Non voglio togliere importanza al fatto che uno possa percepire il proprio codice come un'opera di valore, ma se si valuta il software come un prodotto allora nel campo del design contano i brevetti (siamo tutti contro i brevetti) se si valuta come un'opera alla stregua di opera letteraria o artistica mi sembra un po' una forzatura obbligata.

Immagina se applichiamo il metodo di sviluppo di un software (senza considerare open vs closed source) a un film. Oggi esce il mio film "Pierino contro Pietro Calderone", dopo sei mesi cambiamo una scena che si vedeva un microfono e cambiamo anche attori e lo chiamo "Pierino contro Caldereono.01". Dopo sei mesi gli cambio i titoli di inizio e di coda faccio la 0.2. L'anno successivo gli doppiamo i dialoghi perché master/slave è scortese e faccio la versione 1.1. E così andiamo avanti per altri dieci anni fino al vero secondo episodio. Come vedi è esilarante solo a pensarlo.
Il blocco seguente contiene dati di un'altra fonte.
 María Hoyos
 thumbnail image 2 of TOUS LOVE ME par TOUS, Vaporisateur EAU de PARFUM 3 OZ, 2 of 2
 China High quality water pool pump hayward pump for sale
Più ci rimugino e più mi sembra sensato fare qualcosa che sia di dominio pubblico, qualcosa inquadrata anche per scopi come questo: publiccode.eu/

Penso che il primo muro da abbattere sia la reticenza dei programmatori stessi, io non ne vedo sminuita la paternità, o la proprietà intellettuale, con un'ipotetica licenza "di dominio pubblico" al contrario vedo il software maggiormente tutelato da ogni tipo di approccio predatorio.
@daniel01 @Shamar @quinta @eticadigitale @informapirata @paoloredaelli @mte90 @diggita Che il software sia considerato coperto da diritto d'autore non l'ha deciso chi ha creato il software libero, ma i legislatori che ad un certo punto si son trovati a dover categorizzare questa cosa nuova.
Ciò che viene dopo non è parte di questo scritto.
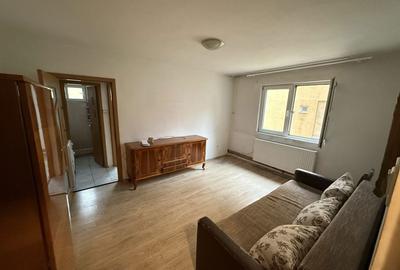 Apartament cu 2 camere semidecomandat în Electroprecizia - 3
Concordo che con un quadro o una scultura c'entri poco, ma mi pare che si possano fare delle analogie abbastanza vicine con il testo di una ricetta di cucina¹ o con un manuale tecnico, e anche quelli sono coperti da diritto d'autore.

¹ attenzione, il testo, se non è banale, non la ricetta di per se, che invece non è considerata opera d'ingegno.
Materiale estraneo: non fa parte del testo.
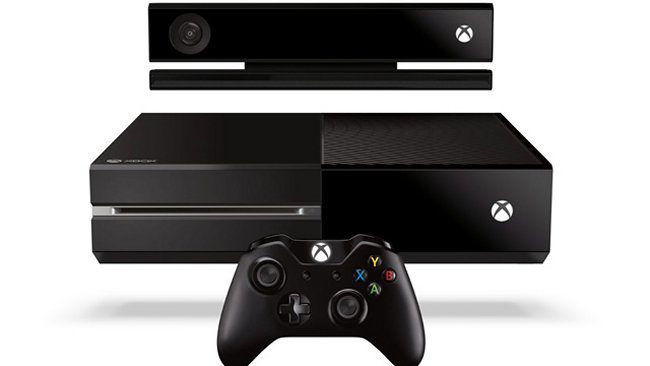 Xbox One Podría Ofrecer Juego Remoto A Través De SKYPE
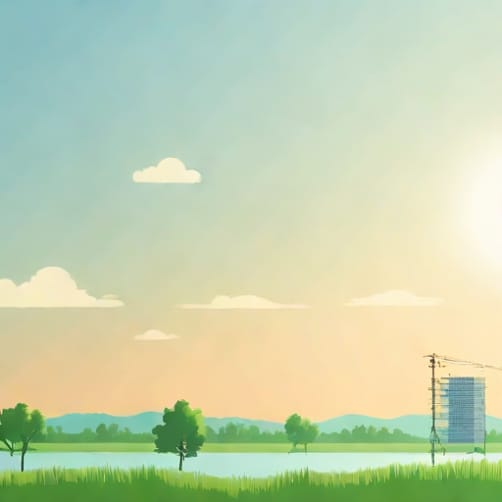 Yakutsk Weather In Summer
I brevetti sono arrivati dopo, piacciono tanto a chi ce li ha perché permettono di chiedere soldi in tanti casi, ma per il software non sono così tanto adeguati, per varie ragioni. E infatti quelle rare volte che si è finiti davvero in tribunale, non è così raro che i brevetti in questione siano stati invalidati.
@daniel01 @Shamar @quinta @eticadigitale @informapirata @paoloredaelli @mte90 @diggita Ah, e se si pensa all'analogia con il manuale tecnico, o in generale ad un libro di non-fiction, non è così assurda neanche l'idea di avere revisioni successive, anche se magari i tempi sono diversi.